Poll of 273 Healthcare Leaders Uncovers Escalating Challenges in Prior Authorization, Data Exchange, and Value-Based Contracting.
NEW YORK CITY, NEW YORK / ACCESS Newswire / May 5, 2025 / A new survey from Black Book Research reveals that deep fractures remain in payer-provider collaboration, with hospitals and health plans struggling to align on core priorities like prior authorization, data exchange, and value-based contracting.
The report, released today, draws on first-quarter responses from 273 executives across the healthcare spectrum, including 225 leaders from health plans, managed care organizations, and payers, and 48 hospital and health system executives overseeing managed care relations and contracting.
Despite widespread agreement that payer-provider collaboration is critical to improving outcomes and reducing waste, the survey exposes three persistent roadblocks and significant differences in how payers and providers rank their urgency.
#1: Prior Authorization Frustration Nears Breaking Point
Hospitals overwhelmingly identified manual, disjointed prior authorization workflows as the top source of administrative burden and care delays:
93% called it a top-two operational obstacle.
88% reported routine delays exceeding five business days.
Only 11% have most of their payer contracts integrated with real-time electronic prior auth tools.
Meanwhile, just 29% of payers say they've implemented electronic prior auth tied to EHRs. And only 17% believe their PA processes are fully aligned with clinical decision-making.
#2: Value-Based Care: A Shared Vision, Divided Execution
"Both payers and providers express commitment to value-based care, but the mechanics are still misaligned," said Doug Brown, Founder of Black Book Research.
84% of hospitals say they lack access to the analytics needed to succeed in VBC arrangements.
75% are in upside-only contracts and say they're ready for more risk-if data sharing improves.
Just 6% of providers consider their current value-based contracts fair or sustainable.
On the payer side, 80% rank VBC execution as a strategic priority. However, only 21% have established joint oversight or governance structures with providers.
#3: Interoperability Still Missing in Action
Years into the digital health push, bi-directional data sharing between payers and providers remains frustratingly inconsistent:
93% of providers say they lack real-time visibility into their patients' utilization outside their system.
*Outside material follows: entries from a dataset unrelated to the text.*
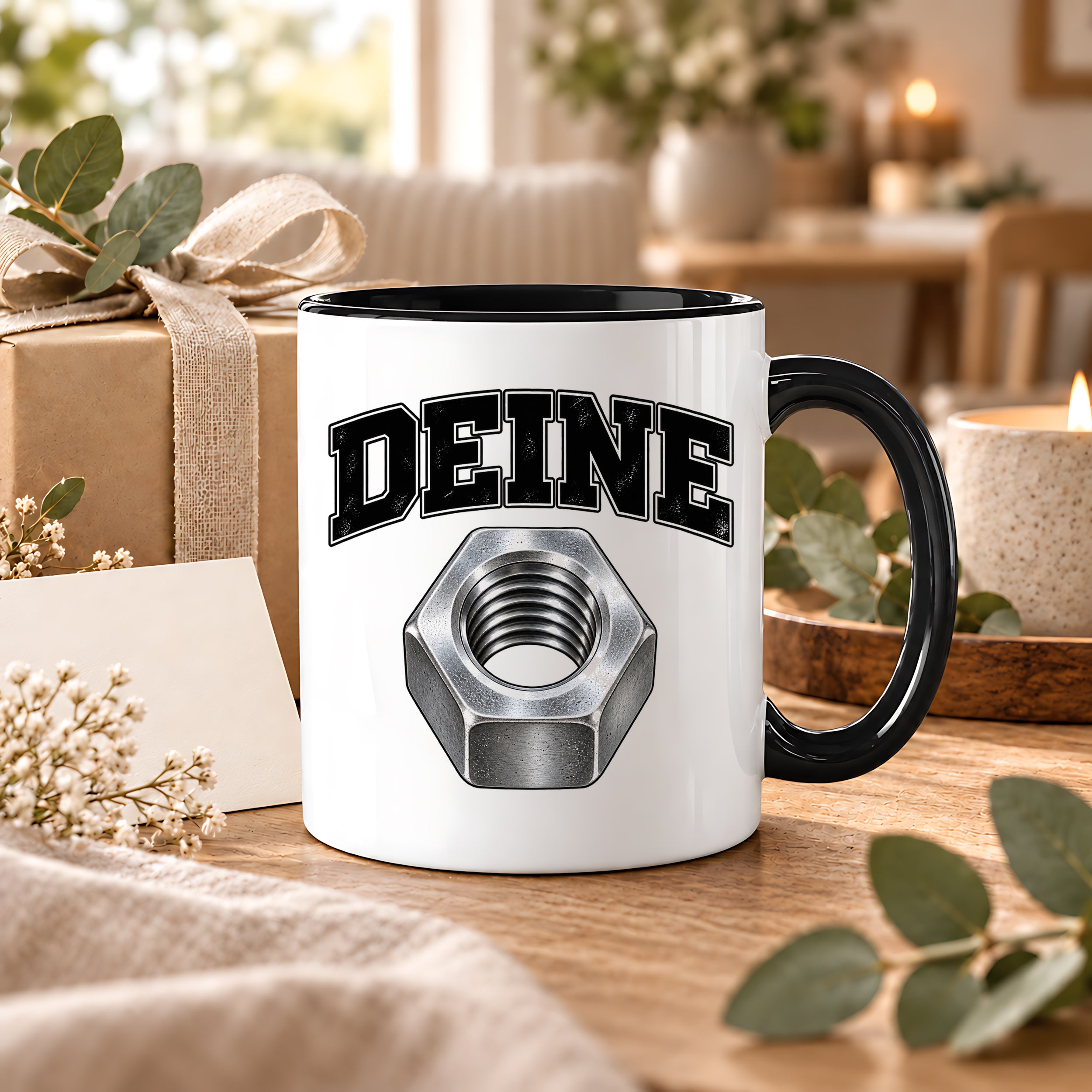 Tasse Deine Mutter Kfz Mechaniker Humor lustige Werkstatt Kaffeetasse Geschenk für Schrauber Automechaniker Kollegen Geburtstag Weihnachten 330 ml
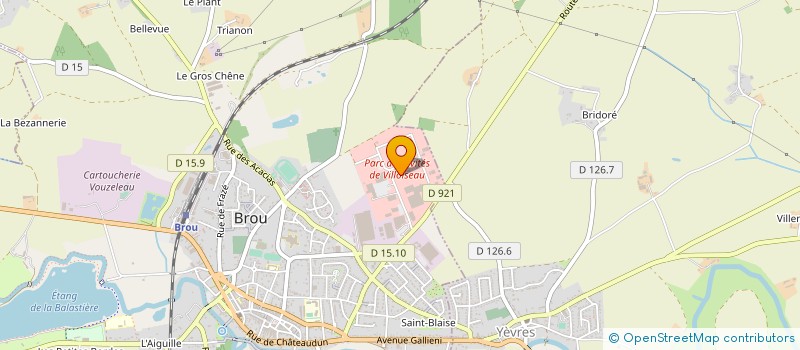 localisation de l'entreprise DOUSSON CHRISTIAN à BROU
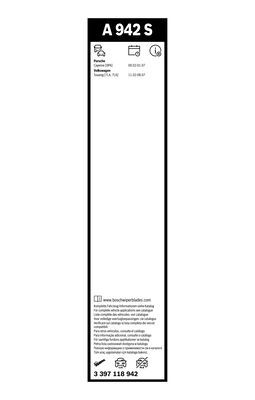 BOSCH Wischblattsatz A942S 3397118942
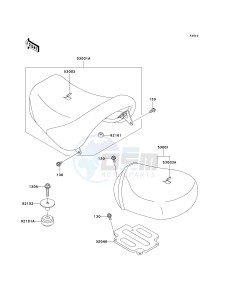 VN 1500 L [VULCAN 1500 NOMAD FI] (L5) [VULCAN 1500 NOMAD FI] drawing SEAT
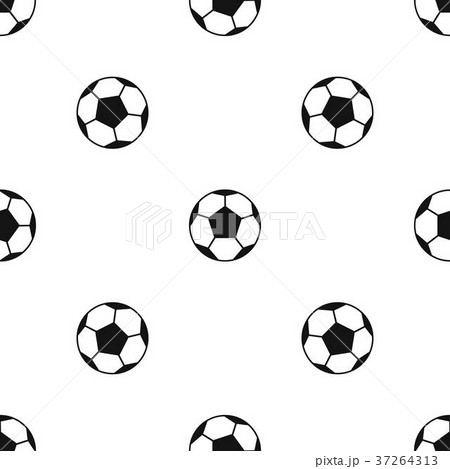 Soccer ball pattern seamless black Soccer ball pattern seamless black 37264313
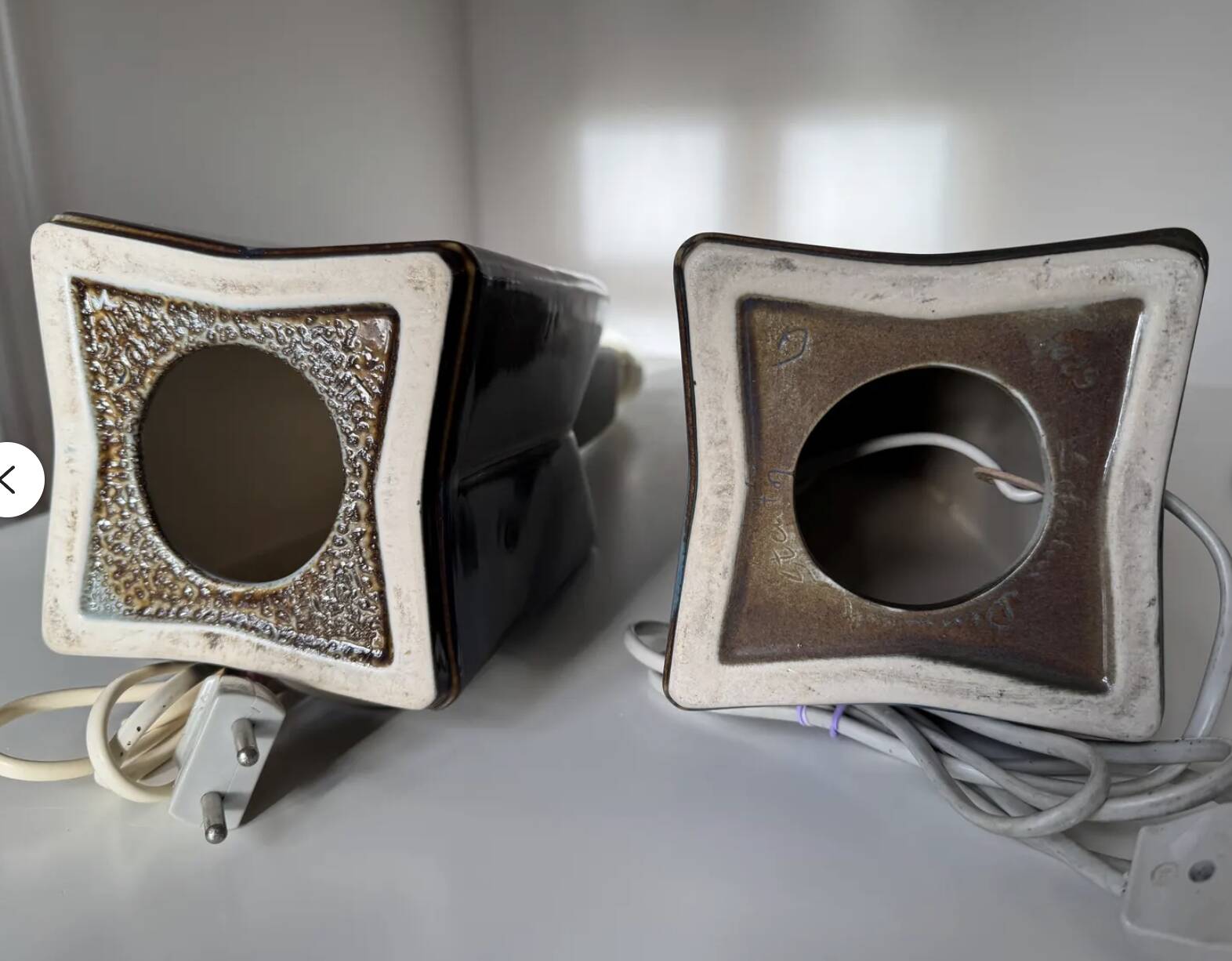 Stoneware ceramic table lamps by Einar Johansen for Søholm Stentøj, 1970s, set of 2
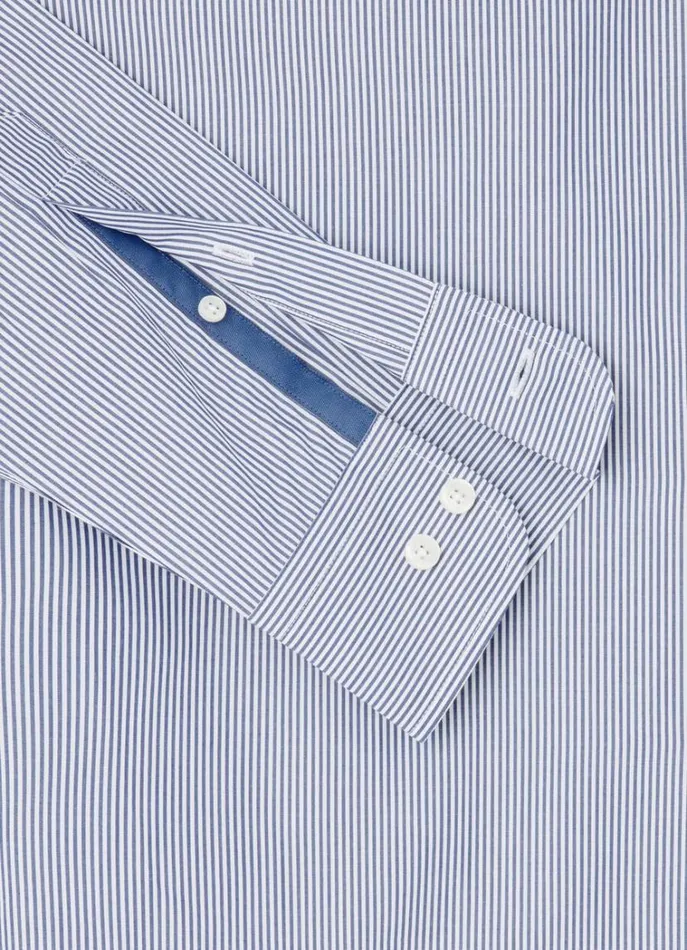 Men Shirts Hackett London Slim Fit Bengal Striped Shirt Navy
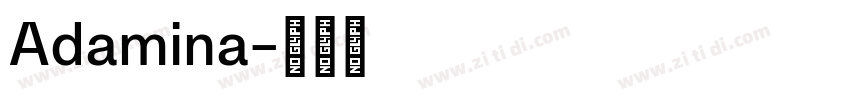 Adamina字体转换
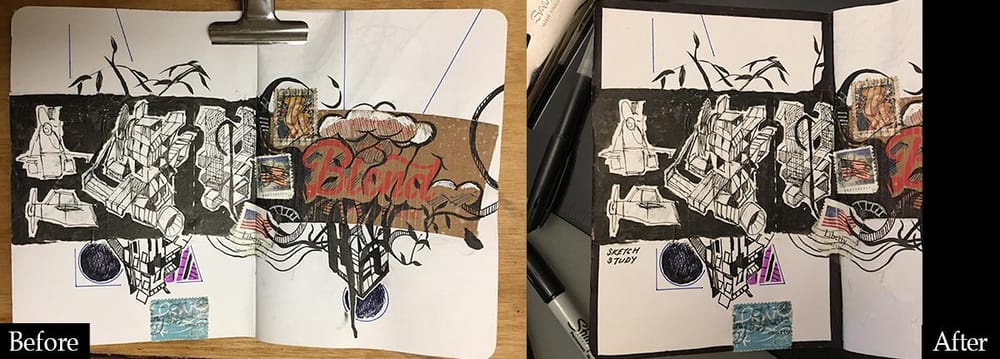 Reworking on my sketchbook - image 2 - student project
82% still rely on faxes, phone calls, and email to communicate with health plans.
Fewer than 1 in 4 hospitals report receiving any form of automated, structured data feeds from payers.
On the other hand, 97% of payers are actively collecting clinical data-but less than a third push that information back to providers in usable form.
"Everyone agrees on the direction-value-based, connected, data-driven care-but we're still fighting over the roadmap," said Brown. "Hospitals want automation, transparency, and real-time data. Payers want control, structure, and sustainability. Until those expectations converge, collaboration will keep stalling."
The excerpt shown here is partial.